Drastic changes to the way the UK is run are the way forward, according to council leaders responding to the Scottish referendum result.
Though the Scottish people voted no to independence, Westminster politicians have promised to deliver more devolved powers to the Scottish parliament.
Now, senior North Yorkshire politicians have told the Harrogate Advertiser that more powers to places like Yorkshire is the way forward.
Further Scottish devolution, which would allow more control over money and resources, sparked calls for an English parliament, and senior councillors in Yorkshire say they should have an equal opportunity to take control.
Harrogate Borough Council leader, Conservative Richard Cooper said: “More devolved powers is a good thing and I would highly support that. Decisions need to be taken closer to the people they affect and I am pleased with what this government has done in terms of localism and I think we need more and more of that.
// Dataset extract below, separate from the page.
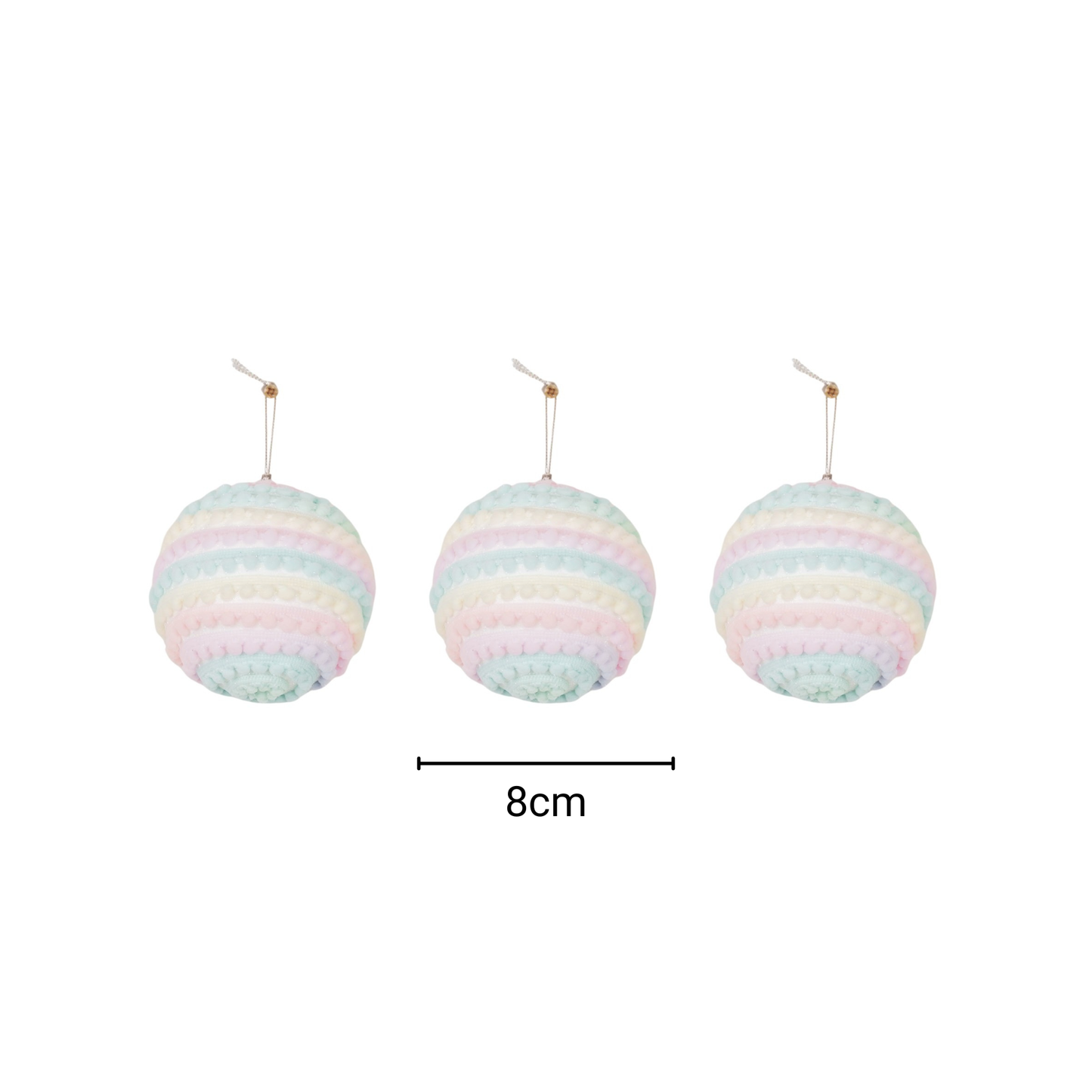 Kersthangers- Kerstballen- Foam- Eenhoornkleuren- S3- 8 cm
“What we really need is more control of the money that is raised in Yorkshire and for it to be spent in Yorkshire.
“I think it is an important issue that is worthy of ongoing debate.”
Discussions have begun over what powers will be devolved to Scotland and next month a report is due to be released setting out possibilities for more autonomy.
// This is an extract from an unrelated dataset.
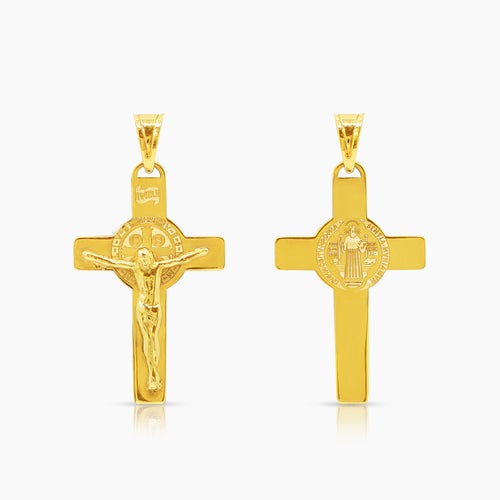 CRUCIFIX WITH SAINT BENEDICT MEDAL (30 MM) IN 18K YELLOW GOLD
This is likely to include more ability to raise revenue, as all tax is currently collected nationwide. This is also the primary concern for Yorkshire council leaders who say money raised in the county should be spent in the county.
North Yorkshire County Council leader, Conservative John Weighell said: “I have no wish to have any more actual devolution because it would cost money, but it is having more powers from the national government that I think is important.
“We have a number of large councils in North Yorkshire and I believe that devolved powers to those would be the way forward.
“Transport and economic development and so on, that is where I am coming from and nothing more. It would be costly but wouldn’t achieve anything if it went further.
“It should be the area of the authority that is able to make its own decisions with its larger amounts of money. If the local authority could make the decisions about spending that money instead of having to bid for it I think it would be far more effective.”
Senior councillors did, however, say that a vote for an independent Yorkshire, should it ever come about, would be unfeasible.
The county does has a population larger than that of Scotland, at 5.3million against 5.295million at the last census.
Coun Cooper said: “Yorkshire couldn’t be a separate country from the rest of England. It is simply inconceivable that Yorkshire could become a country on its own.
“It never has been a separate country and I just can’t see any circumstance in which it could be.”
Coun Weighell echoed his sentiments, adding: “There is absolutely no chance of Yorkshire becoming an independent country. Scotland was far too small and I am glad we have kept the United Kingdom.
“It was not a viable option for Scotland, I feel quite strongly about that, and I think that it is an even less viable option for Yorkshire.”